Bank of Ireland's lower tier two paper dropped sharply after the lender said it may offer an equity alternative to its cash buyback rather than laying out concrete plans for such an offer.
"People were playing them for a debt-for-equity swap so with the uncertainty over that some investors are getting out," said Oliver Gilvarry of Dolmen Securities.
"We were expecting that was going to be a key part of the whole deal."
Ireland's largest bank wants to avoid falling into state control after it was ordered to raise 5.2 billion euros in capital, including 1 billion euros in contingent capital, before the end of July to bulletproof it from the fallout from a devastating property crash.
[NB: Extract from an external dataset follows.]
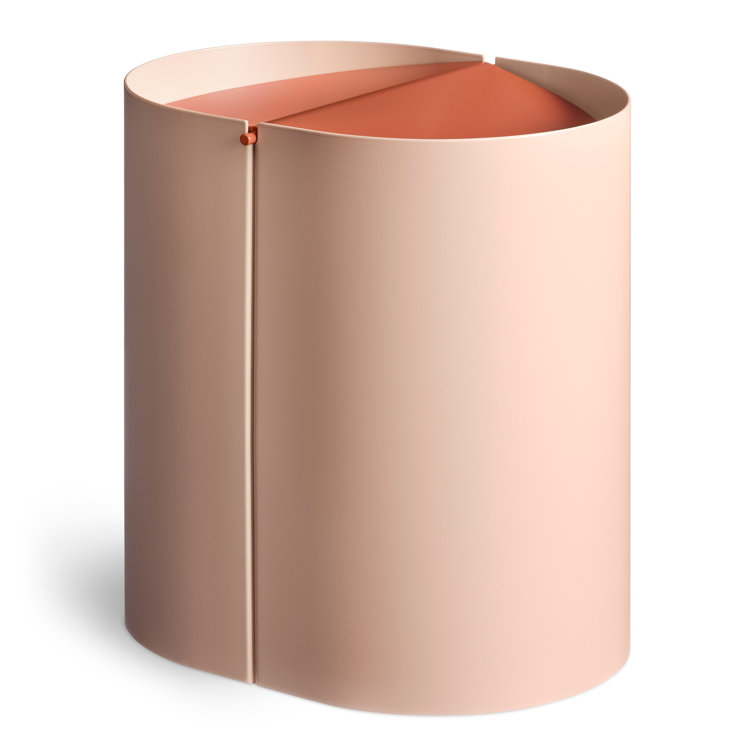 Blush Pink Powder-Coated Metal Office Wastebasket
Bank of Ireland said it would shortly launch a buyback for around 2.6 billion euros in subordinated debt, offering holders of Tier 1 securities just 10 percent of the face value of their original investment, and holders of Tier 2 securities 20 percent.
Bank of Ireland's lower tier two paper was trading at 40 cents in the euro after the announcement, still higher than the 80 percent discount implied but down from around 55 cents on Monday due to the lack of clarity on a more attractive debt-for-equity swap.
Separately, smaller rivals Irish Life & Permanent and EBS Building Society also said they would impose losses equivalent to around 80-90 percent of the face value of some 1.1 billion euros in junior bonds.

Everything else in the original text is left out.